You catch a glimpse of someone you think you know, but who you haven't seen for years. You're not sure it's them, then something - a raise of the eyebrow, a toss of the head - gives them away.

Without any other information, we can recognize and sex individuals from how they move their heads and faces, researchers now report1. The finding could improve face-recognition security and help to humanize animated 'synthespians'.

Harold Hill and Alan Johnston of University College London made a computer model of an average head, based on 200 men and women. They used motion-capture, like that used to animate computer games characters or in movie special effects, to record the facial movements of individuals telling a joke. They then recreated this motion in the average head, thus retaining movement information but not features or gender.

Observers shown only rigid head movements - nodding, shaking or tilting - without the flexible changes in expression were best at identifying individuals. Non-rigid movements alone did not seem to be enough to distinguish identity.

Hill suspects that these features, which are typically used to communicate emotion, or in speech, need to be the same despite individual differences. "Rigid head movements can be more idiosyncratic," he says.

Whether or not we're designed to exploit motion information to recognize familiar people in every day life "is arguable", says Tim Valentine, a psychologist at Goldsmiths College, London. "But we can do it when we have to." Motion might be a back-up to identification when other cues are unreliable, such as in poor lighting, Valentine suggests.

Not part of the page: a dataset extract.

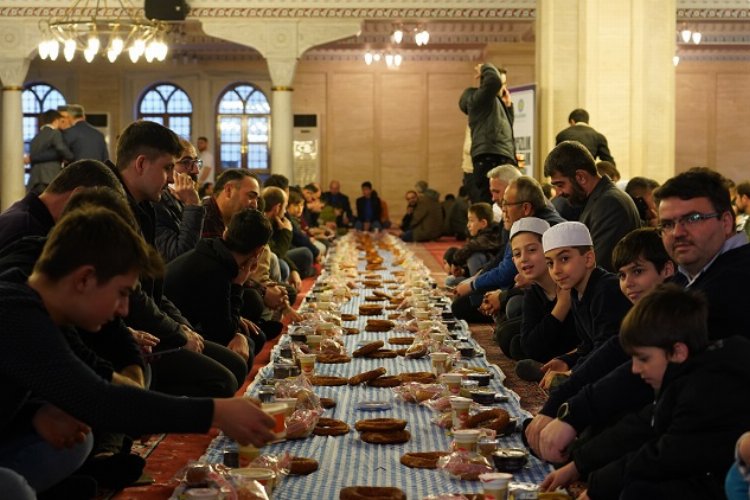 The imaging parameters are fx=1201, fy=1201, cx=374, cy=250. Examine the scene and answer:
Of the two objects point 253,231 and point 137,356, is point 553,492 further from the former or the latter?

Hill and Johnston also asked their subjects to determine the joke-tellers' sex. This time non-rigid movements seemed to be the give away, suggesting that we have learnt to recognize systematic differences in the facial expressions used by men and women. The evolutionary biologist William Hamilton noted that women pull fewer lopsided faces than men.

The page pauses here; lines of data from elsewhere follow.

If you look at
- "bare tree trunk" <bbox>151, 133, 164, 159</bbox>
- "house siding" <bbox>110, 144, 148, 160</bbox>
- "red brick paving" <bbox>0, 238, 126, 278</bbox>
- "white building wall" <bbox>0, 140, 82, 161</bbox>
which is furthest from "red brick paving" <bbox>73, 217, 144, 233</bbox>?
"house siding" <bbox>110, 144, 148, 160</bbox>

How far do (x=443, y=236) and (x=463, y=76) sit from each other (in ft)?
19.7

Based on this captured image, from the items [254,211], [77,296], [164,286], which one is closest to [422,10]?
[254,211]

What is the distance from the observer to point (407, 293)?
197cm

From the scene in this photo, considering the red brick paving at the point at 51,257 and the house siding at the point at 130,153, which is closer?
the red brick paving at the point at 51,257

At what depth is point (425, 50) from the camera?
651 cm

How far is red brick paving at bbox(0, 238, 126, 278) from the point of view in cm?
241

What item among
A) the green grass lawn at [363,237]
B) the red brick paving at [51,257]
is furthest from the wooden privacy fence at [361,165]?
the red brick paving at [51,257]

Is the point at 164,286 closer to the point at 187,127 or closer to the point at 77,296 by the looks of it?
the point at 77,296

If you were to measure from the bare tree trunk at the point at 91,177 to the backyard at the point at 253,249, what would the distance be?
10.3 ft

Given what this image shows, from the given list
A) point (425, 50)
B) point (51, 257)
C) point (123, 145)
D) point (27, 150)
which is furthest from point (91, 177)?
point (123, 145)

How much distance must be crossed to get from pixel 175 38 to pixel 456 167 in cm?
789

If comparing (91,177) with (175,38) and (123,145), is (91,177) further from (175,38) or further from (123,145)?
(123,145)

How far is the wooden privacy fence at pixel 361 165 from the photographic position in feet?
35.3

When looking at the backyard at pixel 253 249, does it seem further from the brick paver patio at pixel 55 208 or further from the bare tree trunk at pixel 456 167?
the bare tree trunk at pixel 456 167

Turning the animations upside down hampered people's judgement: "It's almost as if it turns off the face processing system," says Hill. This suggests that motion feeds into the brain's specialized ability to recognize faces.

Computer security systems that recognize faces could be programmed to take account of the individuality of motion, says Michael Lewis, a psychologist at the University of Cardiff, Wales. These currently use static facial images, which, he points out "could be fooled by a photograph".

Movement idiosyncrasies could also be used to enhance virtual actors' performances. Says Valentine: "If you were creating a digital stuntman, you'd want to capture individual, rather than generic movements."